Почему-то в тот день был дневной спектакль. Почему-то в кассе нашелся билет. И почему-то совсем недалеко от сцены.

Почему-то именно в этот день мне очень хотелось, чтобы герой Владимира Андреева все-таки узнал героиню Татьяны Шмыги, чтобы оба они обрели наконец-то то, что потеряли так много лет тому назад. Ведь не зря же Леонид Зорин столкнул их вновь на том самом перекрестке. Пусть и в зале ожидания одного из аэропортов. Не узнал. Не обрели…

…Финальные слова актрисы потонули в аплодисментах. Зал встал. Женщины вытирали заплаканные глаза. Мужчины выглядели потерянными.

Я поймала на себе взгляд актрисы, стоящей на сцене. Он был удивленным. Вряд ли она меня узнала, подумала я и… улыбнулась сквозь слезы.

В фойе, перекинув плащ через руку, вдруг услышала:

– Простите, вы – Лада? – Билетерша осторожно тронула меня за руку.

– Да, – меньше всего я была в тот момент расположена к разговору.

– Вас Татьяна Ивановна просила зайти…

– Что? – от неожиданности я чуть не подпрыгнула.

– Пойдемте. Она вас ждет.


– Татьяна Ивановна, извините, но я сегодня без цветов, – начала лепетать я после традиционных приветствий.

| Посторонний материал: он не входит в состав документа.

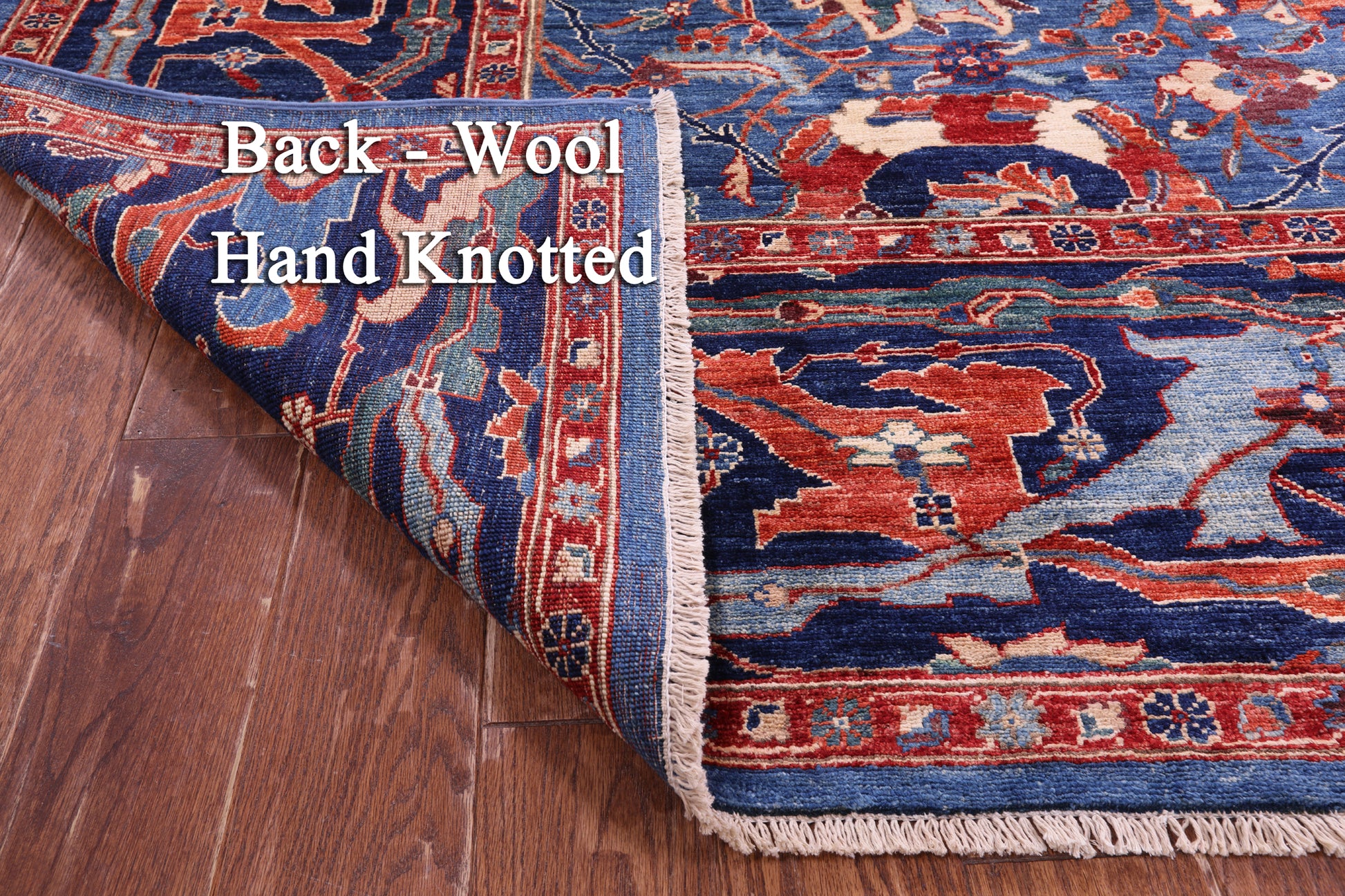 Persian Fine Serapi Hand Knotted Wool Rug - 11' 0" X 16' 9" - Golden Nile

– У вас что-то случилось, – констатировала актриса.

– Нет-нет, все в порядке.

– Лада, – голос Татьяны Ивановны стал строгим. – Зачем вы меня обманываете? Я весь спектакль наблюдала за вами, я видела ваши глаза, полные слез. И не надо мне говорить, что вы плакали по ходу действия спектакля. Простите, – она осеклась на полуслове, – я не имею права так настойчиво вторгаться в вашу жизнь…

Она шагнула мне навстречу и прижала к себе.

– Это вы меня простите! – Ее участие настолько меня тронуло, что я не выдержала. Силы закончились.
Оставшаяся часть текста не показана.